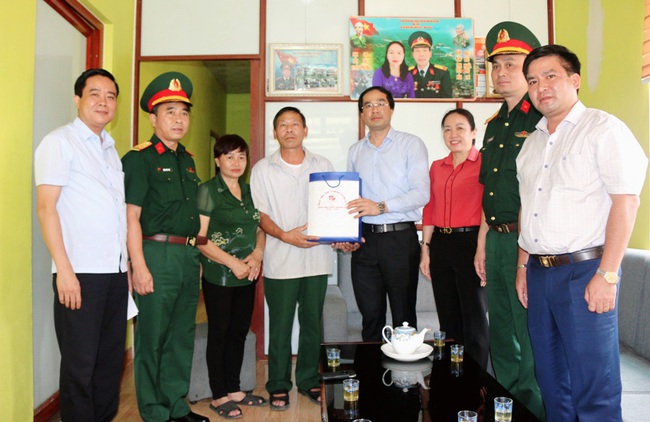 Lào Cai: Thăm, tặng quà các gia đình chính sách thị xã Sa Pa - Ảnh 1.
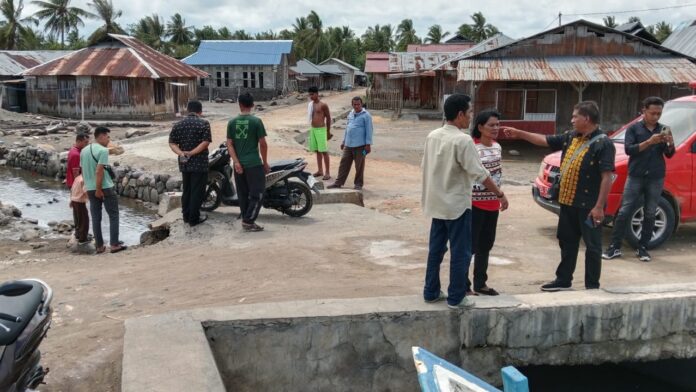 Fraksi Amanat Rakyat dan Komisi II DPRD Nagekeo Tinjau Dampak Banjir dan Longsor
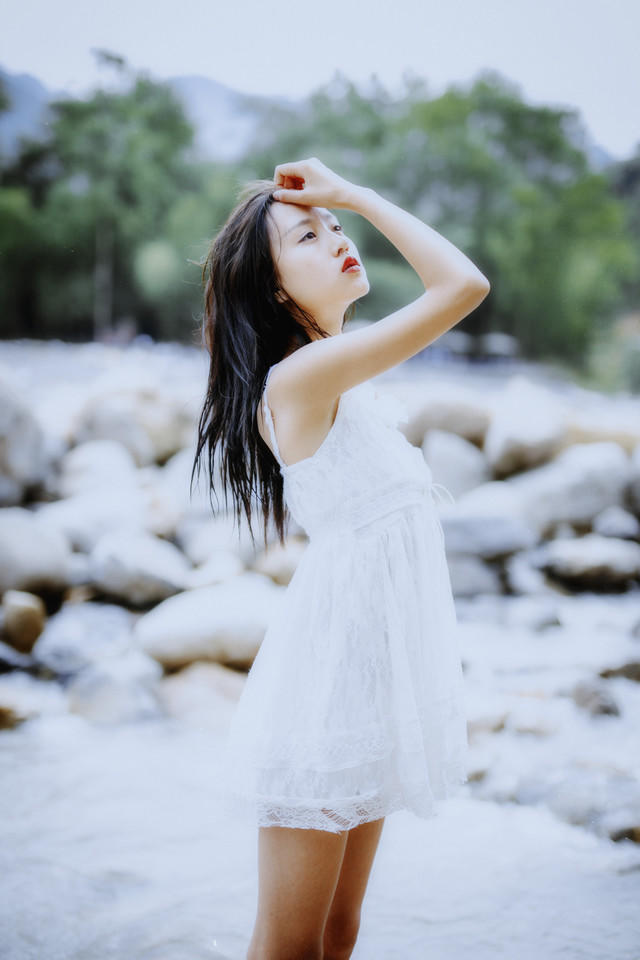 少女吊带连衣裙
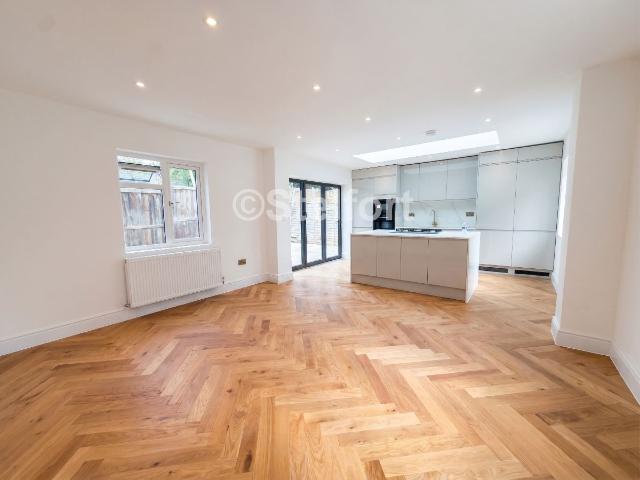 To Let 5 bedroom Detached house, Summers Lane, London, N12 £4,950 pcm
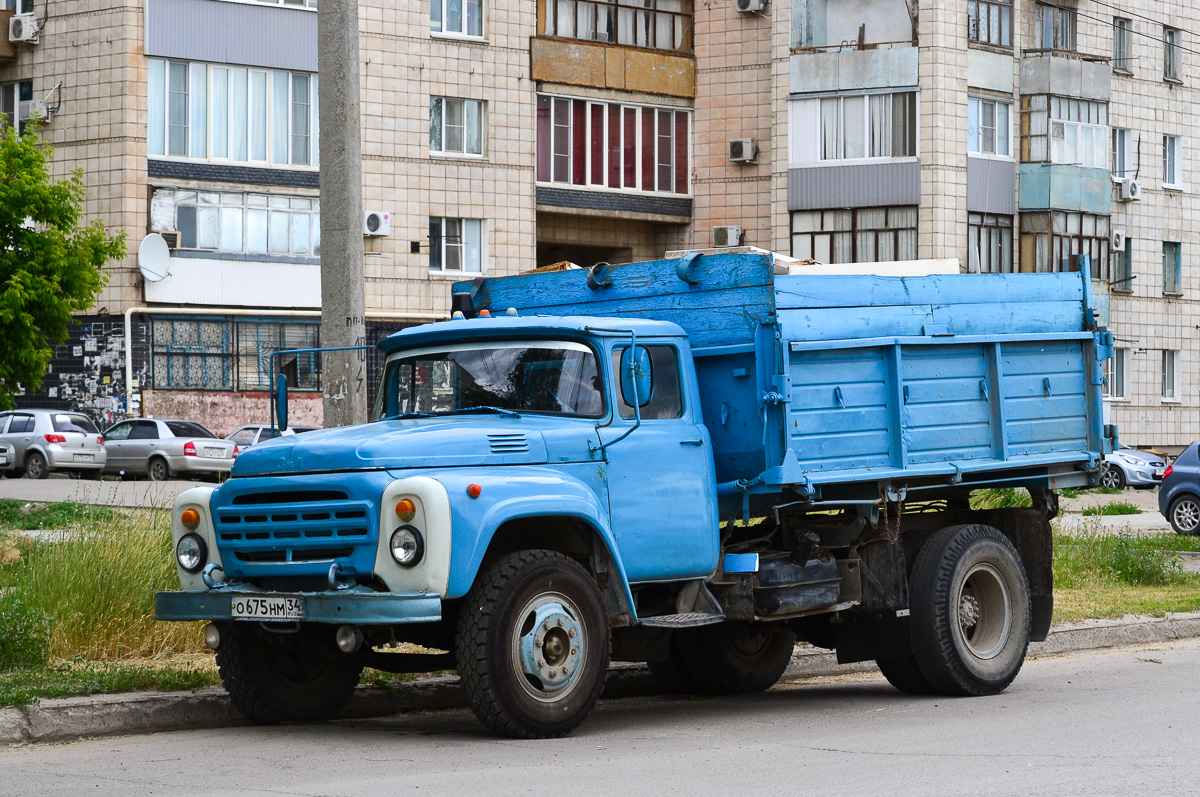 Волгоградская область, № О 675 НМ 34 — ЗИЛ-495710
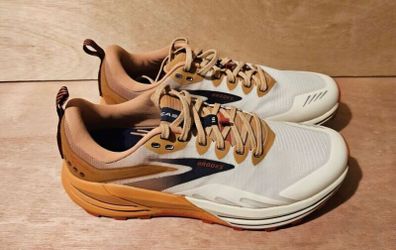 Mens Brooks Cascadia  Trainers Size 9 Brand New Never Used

==============================

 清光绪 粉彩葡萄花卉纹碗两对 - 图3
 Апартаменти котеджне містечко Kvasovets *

==============================

> _What to work on_:
Go to the line in the material above that contains "清光绪 粉彩葡萄花卉纹碗两对 - 图3" and copy exactly from there through the line that contains "Апартаменти котеджне містечко Kvasovets *", stopping after it.

> _Solution to this problem_:
 清光绪 粉彩葡萄花卉纹碗两对 - 图3
 Апартаменти котеджне містечко Kvasovets *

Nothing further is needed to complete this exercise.